Modulation can also be used to transmit the information of low-frequency analogue signals at higher frequencies. This is helpful because low-frequency analogue signals cannot be effectively transmitted over free space. Hence the information from a low-frequency analogue signal must be impressed into a higher-frequency signal (known as the "carrier wave") before transmission. There are several different modulation schemes available to achieve this [two of the most basic being amplitude modulation (AM) and frequency modulation (FM)]. An example of this process is a disc jockey's voice being impressed into a 96 MHz carrier wave using frequency modulation (the voice would then be received on a radio as the channel "96 FM").[46] In addition, modulation has the advantage that it may use frequency division multiplexing (FDM).

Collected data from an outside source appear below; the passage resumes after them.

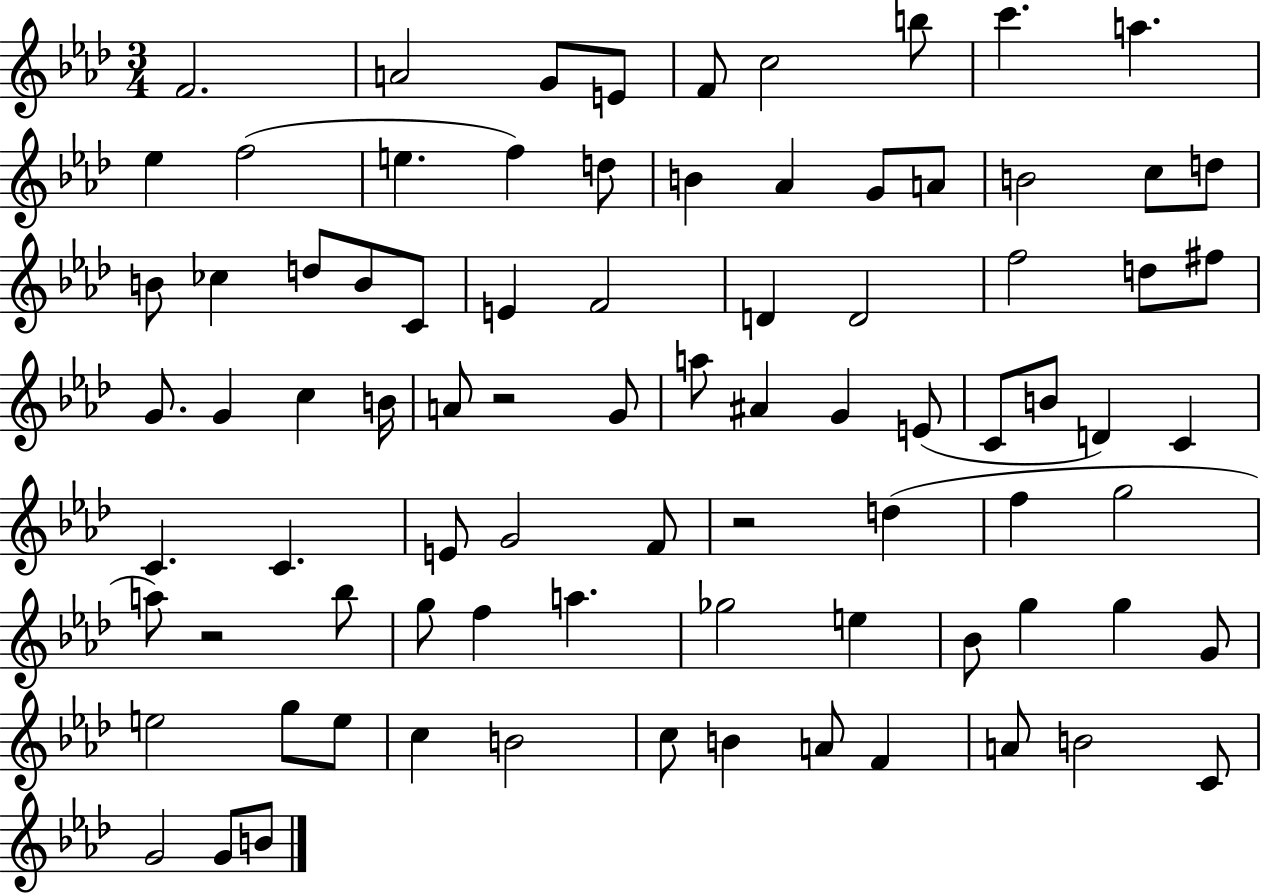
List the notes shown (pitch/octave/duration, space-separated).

F4/h. A4/h G4/e E4/e F4/e C5/h B5/e C6/q. A5/q. Eb5/q F5/h E5/q. F5/q D5/e B4/q Ab4/q G4/e A4/e B4/h C5/e D5/e B4/e CES5/q D5/e B4/e C4/e E4/q F4/h D4/q D4/h F5/h D5/e F#5/e G4/e. G4/q C5/q B4/s A4/e R/h G4/e A5/e A#4/q G4/q E4/e C4/e B4/e D4/q C4/q C4/q. C4/q. E4/e G4/h F4/e R/h D5/q F5/q G5/h A5/e R/h Bb5/e G5/e F5/q A5/q. Gb5/h E5/q Bb4/e G5/q G5/q G4/e E5/h G5/e E5/e C5/q B4/h C5/e B4/q A4/e F4/q A4/e B4/h C4/e G4/h G4/e B4/e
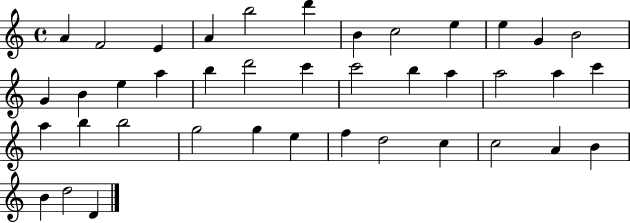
{
  \clef treble
  \time 4/4
  \defaultTimeSignature
  \key c \major
  a'4 f'2 e'4 | a'4 b''2 d'''4 | b'4 c''2 e''4 | e''4 g'4 b'2 | \break g'4 b'4 e''4 a''4 | b''4 d'''2 c'''4 | c'''2 b''4 a''4 | a''2 a''4 c'''4 | \break a''4 b''4 b''2 | g''2 g''4 e''4 | f''4 d''2 c''4 | c''2 a'4 b'4 | \break b'4 d''2 d'4 | \bar "|."
}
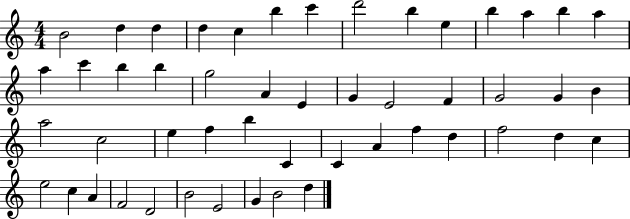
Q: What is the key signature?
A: C major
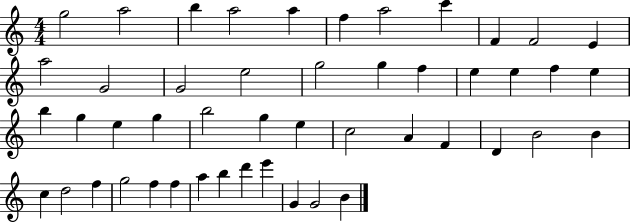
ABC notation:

X:1
T:Untitled
M:4/4
L:1/4
K:C
g2 a2 b a2 a f a2 c' F F2 E a2 G2 G2 e2 g2 g f e e f e b g e g b2 g e c2 A F D B2 B c d2 f g2 f f a b d' e' G G2 B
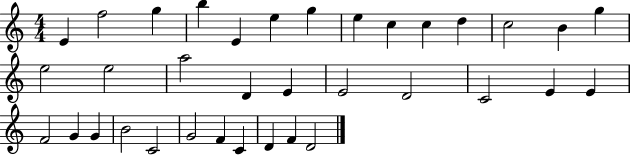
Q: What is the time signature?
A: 4/4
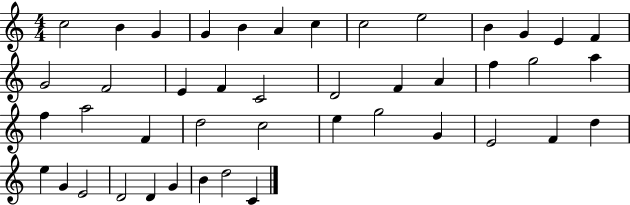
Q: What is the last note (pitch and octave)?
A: C4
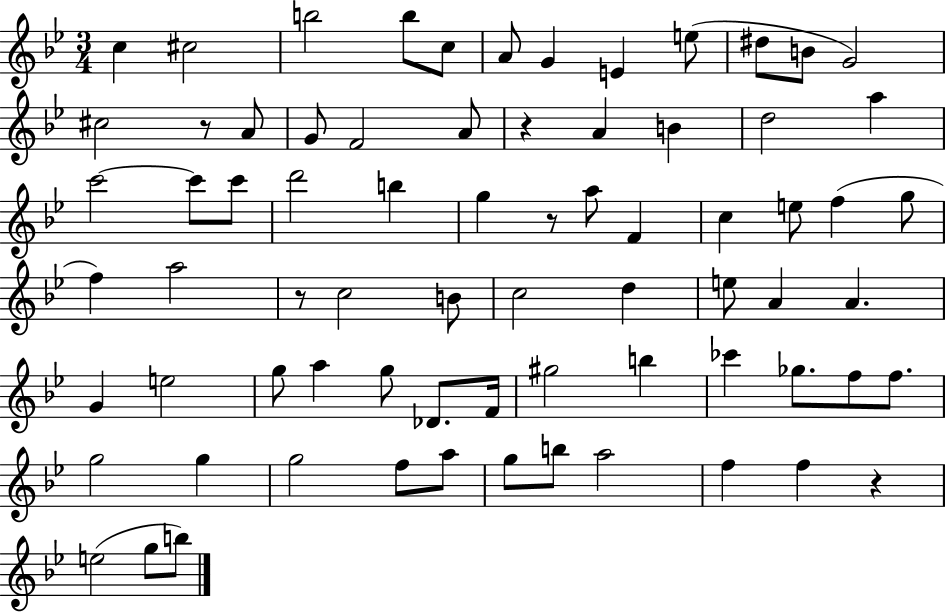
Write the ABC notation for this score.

X:1
T:Untitled
M:3/4
L:1/4
K:Bb
c ^c2 b2 b/2 c/2 A/2 G E e/2 ^d/2 B/2 G2 ^c2 z/2 A/2 G/2 F2 A/2 z A B d2 a c'2 c'/2 c'/2 d'2 b g z/2 a/2 F c e/2 f g/2 f a2 z/2 c2 B/2 c2 d e/2 A A G e2 g/2 a g/2 _D/2 F/4 ^g2 b _c' _g/2 f/2 f/2 g2 g g2 f/2 a/2 g/2 b/2 a2 f f z e2 g/2 b/2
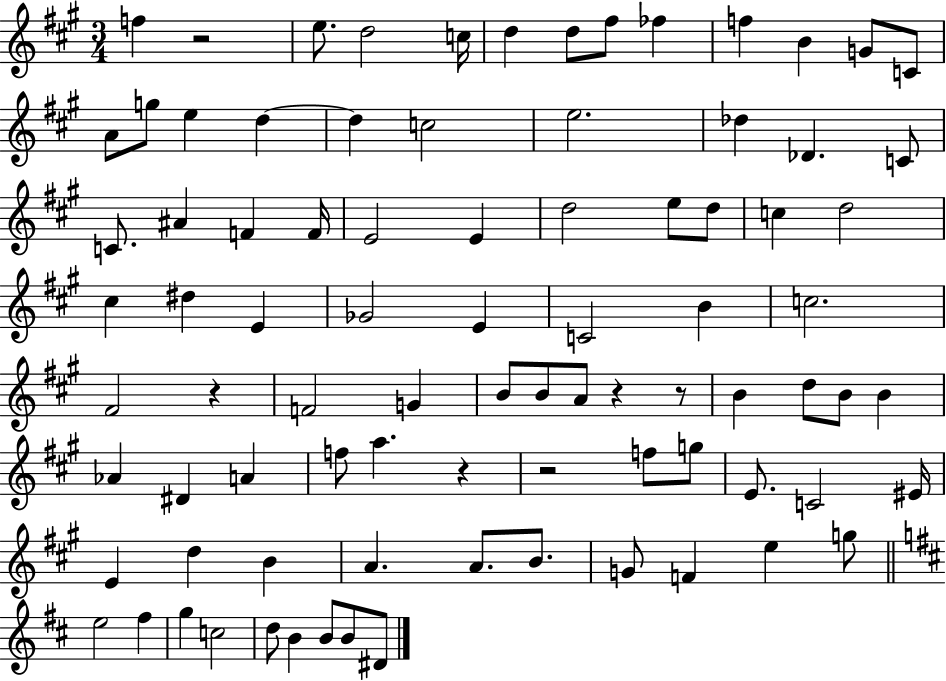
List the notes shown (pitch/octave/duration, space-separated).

F5/q R/h E5/e. D5/h C5/s D5/q D5/e F#5/e FES5/q F5/q B4/q G4/e C4/e A4/e G5/e E5/q D5/q D5/q C5/h E5/h. Db5/q Db4/q. C4/e C4/e. A#4/q F4/q F4/s E4/h E4/q D5/h E5/e D5/e C5/q D5/h C#5/q D#5/q E4/q Gb4/h E4/q C4/h B4/q C5/h. F#4/h R/q F4/h G4/q B4/e B4/e A4/e R/q R/e B4/q D5/e B4/e B4/q Ab4/q D#4/q A4/q F5/e A5/q. R/q R/h F5/e G5/e E4/e. C4/h EIS4/s E4/q D5/q B4/q A4/q. A4/e. B4/e. G4/e F4/q E5/q G5/e E5/h F#5/q G5/q C5/h D5/e B4/q B4/e B4/e D#4/e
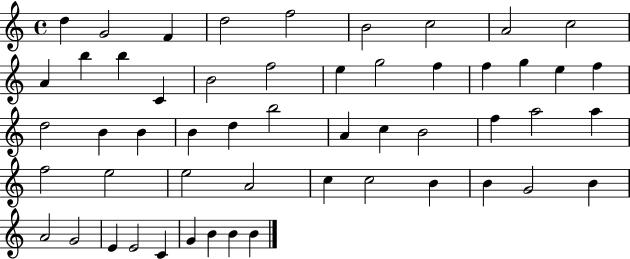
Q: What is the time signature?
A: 4/4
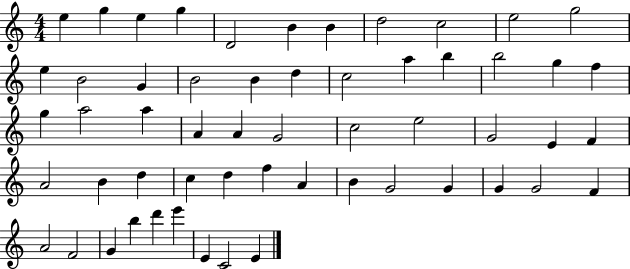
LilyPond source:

{
  \clef treble
  \numericTimeSignature
  \time 4/4
  \key c \major
  e''4 g''4 e''4 g''4 | d'2 b'4 b'4 | d''2 c''2 | e''2 g''2 | \break e''4 b'2 g'4 | b'2 b'4 d''4 | c''2 a''4 b''4 | b''2 g''4 f''4 | \break g''4 a''2 a''4 | a'4 a'4 g'2 | c''2 e''2 | g'2 e'4 f'4 | \break a'2 b'4 d''4 | c''4 d''4 f''4 a'4 | b'4 g'2 g'4 | g'4 g'2 f'4 | \break a'2 f'2 | g'4 b''4 d'''4 e'''4 | e'4 c'2 e'4 | \bar "|."
}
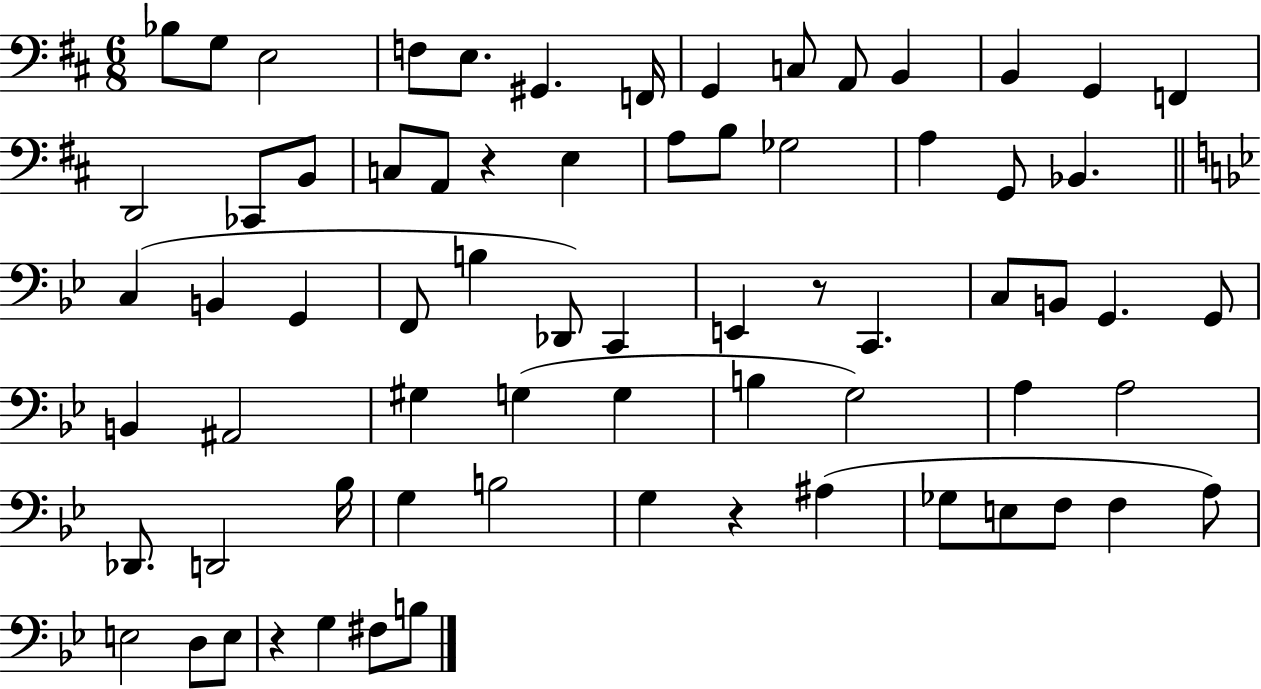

A telecommunications network is a collection of transmitters, receivers, and communications channels that send messages to one another. Some digital communications networks contain one or more routers that work together to transmit information to the correct user. An analogue communications network consists of one or more switches that establish a connection between two or more users. For both types of networks, repeaters may be necessary to amplify or recreate the signal when it is being transmitted over long distances. This is to combat attenuation that can render the signal indistinguishable from the noise.[47] Another advantage of digital systems over analogue is that their output is easier to store in memory, i.e., two voltage states (high and low) are easier to store than a continuous range of states.
Telecommunication has a significant social, cultural and economic impact on modern society. In 2008, estimates placed the telecommunication industry's revenue at US$4.7 trillion or just under three per cent of the gross world product (official exchange rate).[39] Several following sections discuss the impact of telecommunication on society.
On the microeconomic scale, companies have used telecommunications to help build global business empires. This is self-evident in the case of online retailer Amazon.com but, according to academic Edward Lenert, even the conventional retailer Walmart has benefited from better telecommunication infrastructure compared to its competitors.[48] In cities throughout the world, home owners use their telephones to order and arrange a variety of home services ranging from pizza deliveries to electricians. Even relatively poor communities have been noted to use telecommunication to their advantage. In Bangladesh's Narsingdi District, isolated villagers use cellular phones to speak directly to wholesalers and arrange a better price for their goods. In Côte d'Ivoire, coffee growers share mobile phones to follow hourly variations in coffee prices and sell at the best price.[49]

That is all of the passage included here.